Records from a data collection:
:::::
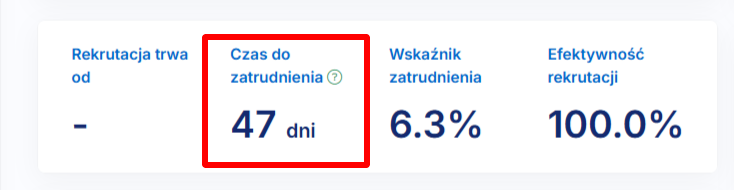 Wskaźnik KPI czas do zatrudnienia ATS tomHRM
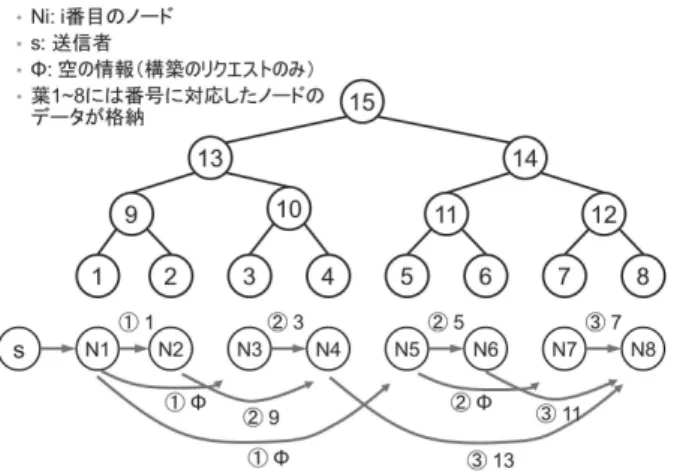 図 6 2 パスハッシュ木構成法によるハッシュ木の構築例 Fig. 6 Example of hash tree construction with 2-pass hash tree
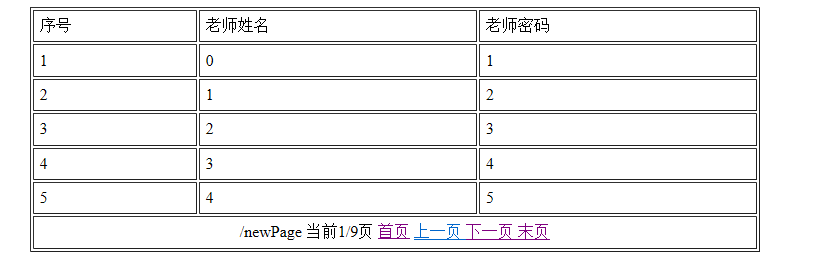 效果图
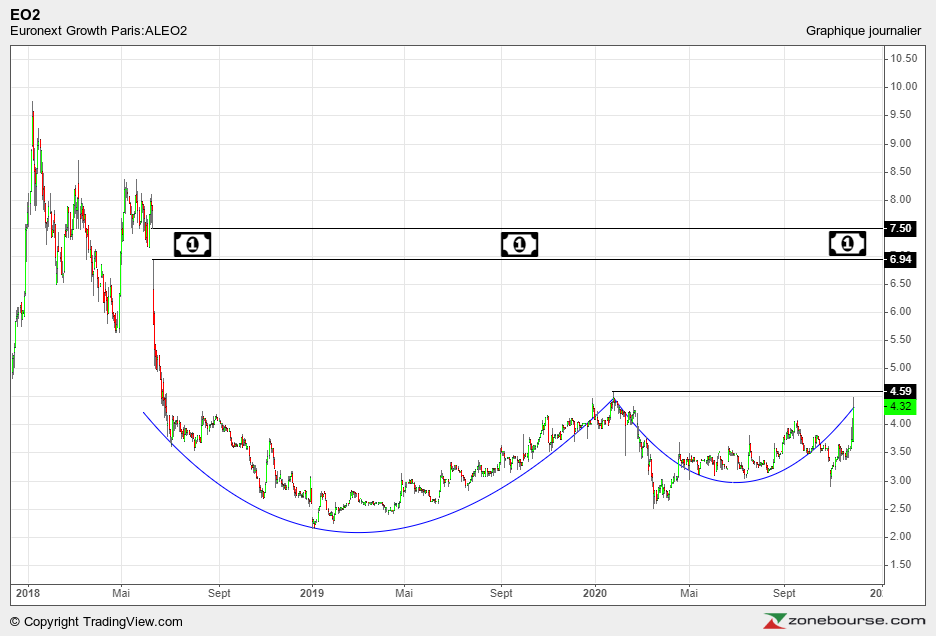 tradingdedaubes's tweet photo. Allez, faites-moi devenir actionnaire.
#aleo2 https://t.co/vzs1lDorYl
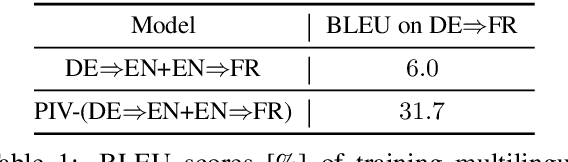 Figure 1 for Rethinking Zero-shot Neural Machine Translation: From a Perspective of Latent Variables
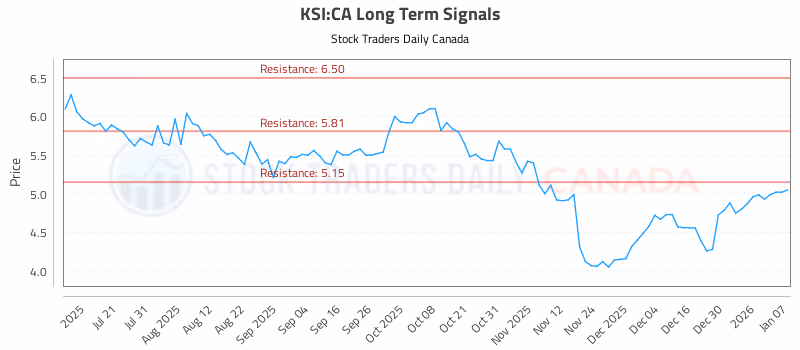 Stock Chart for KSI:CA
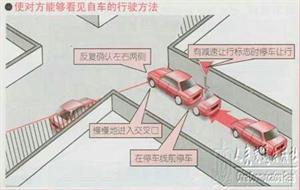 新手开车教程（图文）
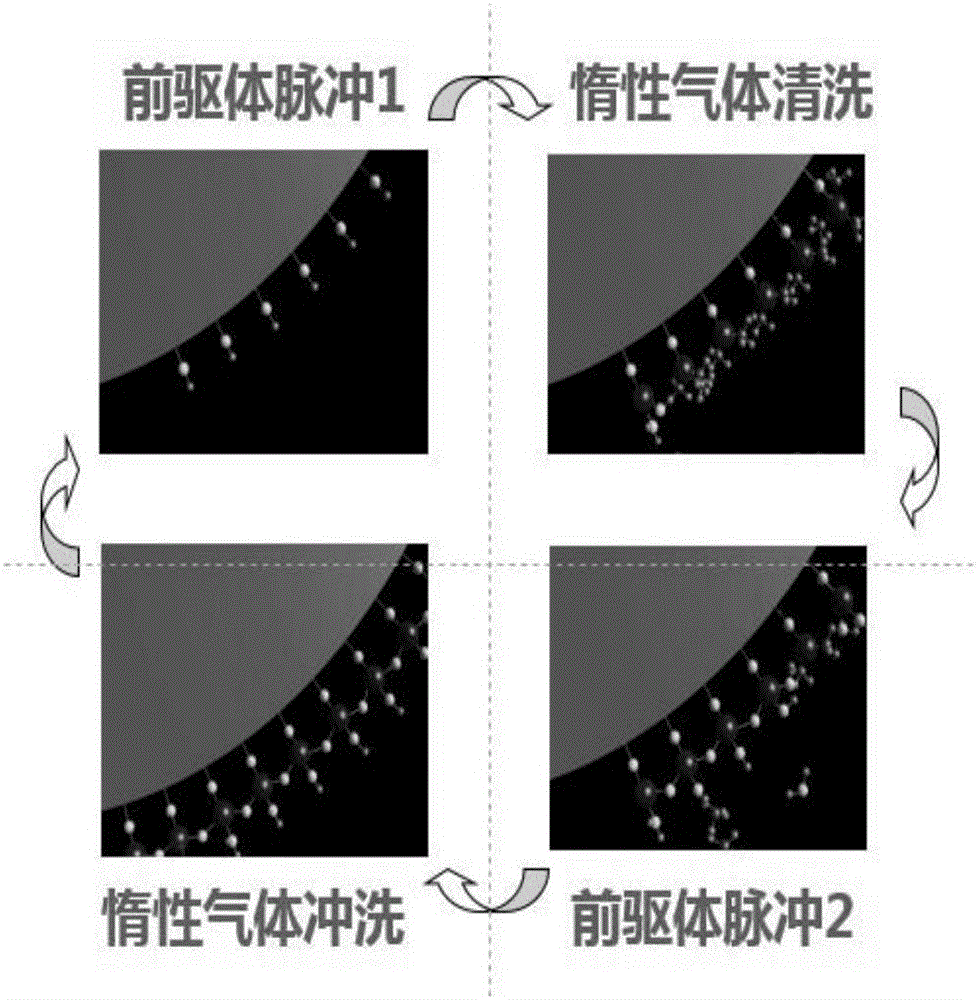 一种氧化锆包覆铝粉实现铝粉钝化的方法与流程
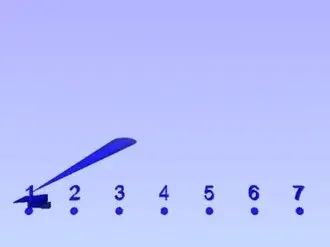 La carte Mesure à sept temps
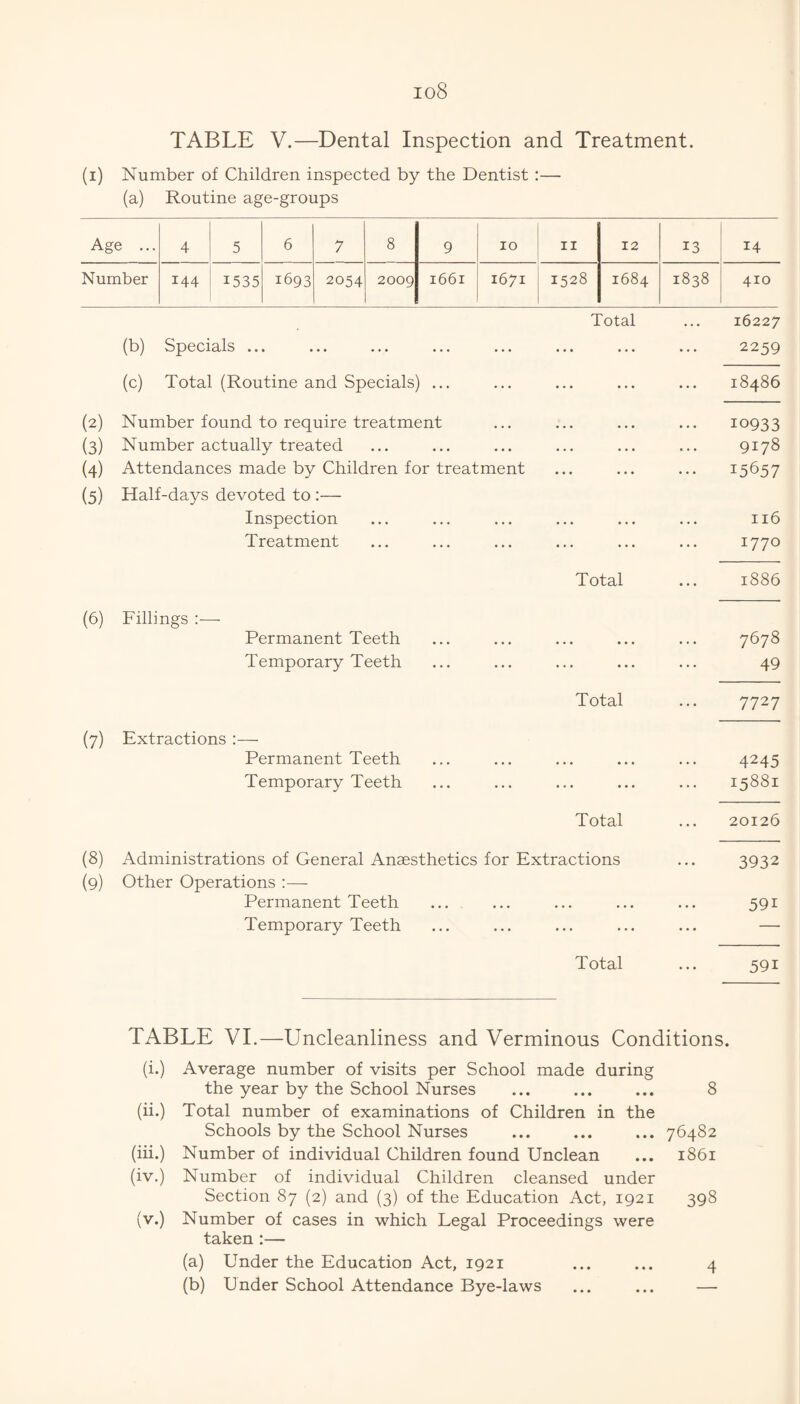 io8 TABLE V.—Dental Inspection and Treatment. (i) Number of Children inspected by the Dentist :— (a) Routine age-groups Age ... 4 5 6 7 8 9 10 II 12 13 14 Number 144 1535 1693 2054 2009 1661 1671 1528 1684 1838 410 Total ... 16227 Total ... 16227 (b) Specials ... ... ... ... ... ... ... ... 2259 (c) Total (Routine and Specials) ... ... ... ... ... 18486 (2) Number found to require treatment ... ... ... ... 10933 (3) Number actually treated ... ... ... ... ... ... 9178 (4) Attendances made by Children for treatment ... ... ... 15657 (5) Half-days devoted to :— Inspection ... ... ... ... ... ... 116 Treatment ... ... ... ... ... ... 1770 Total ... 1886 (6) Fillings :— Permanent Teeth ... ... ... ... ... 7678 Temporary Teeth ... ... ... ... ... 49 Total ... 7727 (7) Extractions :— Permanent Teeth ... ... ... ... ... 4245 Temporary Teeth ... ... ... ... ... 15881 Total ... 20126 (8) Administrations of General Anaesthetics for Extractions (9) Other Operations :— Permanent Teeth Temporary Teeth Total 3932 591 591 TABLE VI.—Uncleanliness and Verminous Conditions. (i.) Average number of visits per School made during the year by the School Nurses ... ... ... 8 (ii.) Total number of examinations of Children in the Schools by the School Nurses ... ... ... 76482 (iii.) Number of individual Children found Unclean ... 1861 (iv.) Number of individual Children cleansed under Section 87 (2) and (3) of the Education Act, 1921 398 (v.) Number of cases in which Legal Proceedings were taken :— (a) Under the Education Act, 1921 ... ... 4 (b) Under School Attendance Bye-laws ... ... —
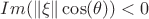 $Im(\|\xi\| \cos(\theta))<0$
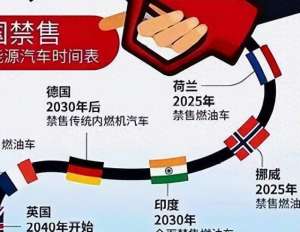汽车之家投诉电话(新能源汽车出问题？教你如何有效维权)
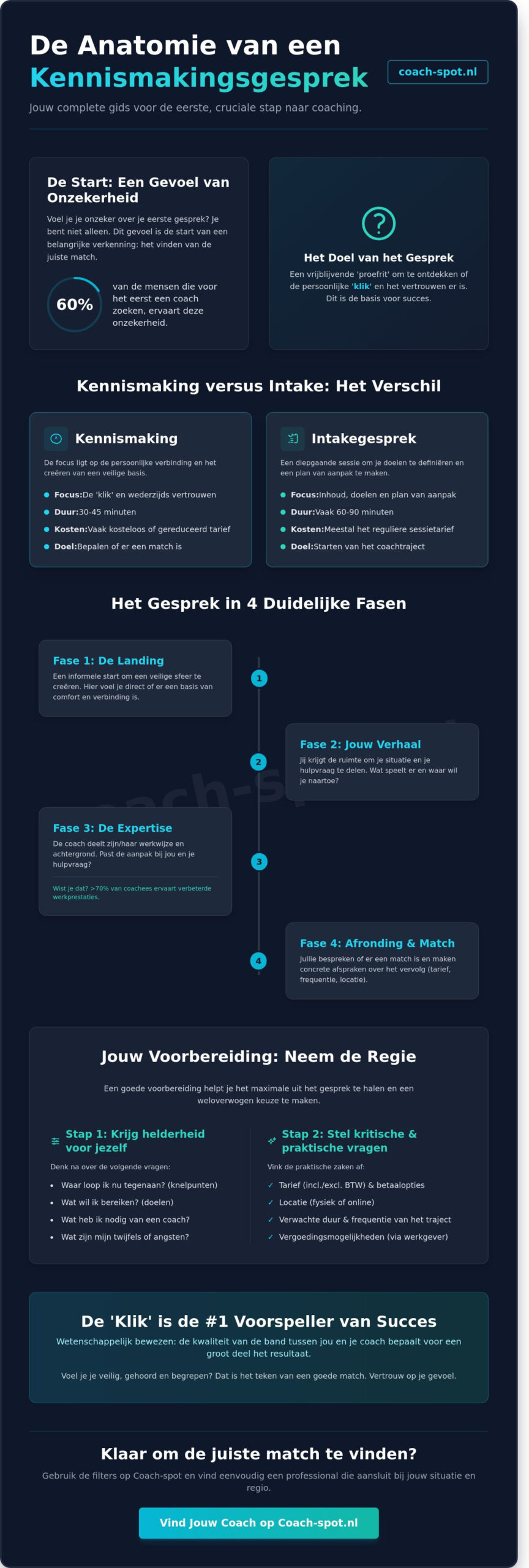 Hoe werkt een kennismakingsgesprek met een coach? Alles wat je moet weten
:::::
Word for word, give again the lines from the first entry to the line with "La carte Mesure à sept temps", inclusive. Exclude the pictures.

- [Exercise output]:
 Wskaźnik KPI czas do zatrudnienia ATS tomHRM
 図 6 2 パスハッシュ木構成法によるハッシュ木の構築例 Fig. 6 Example of hash tree construction with 2-pass hash tree
 效果图
 tradingdedaubes's tweet photo. Allez, faites-moi devenir actionnaire.
#aleo2 https://t.co/vzs1lDorYl
 Figure 1 for Rethinking Zero-shot Neural Machine Translation: From a Perspective of Latent Variables
 Stock Chart for KSI:CA
 新手开车教程（图文）
 一种氧化锆包覆铝粉实现铝粉钝化的方法与流程
 La carte Mesure à sept temps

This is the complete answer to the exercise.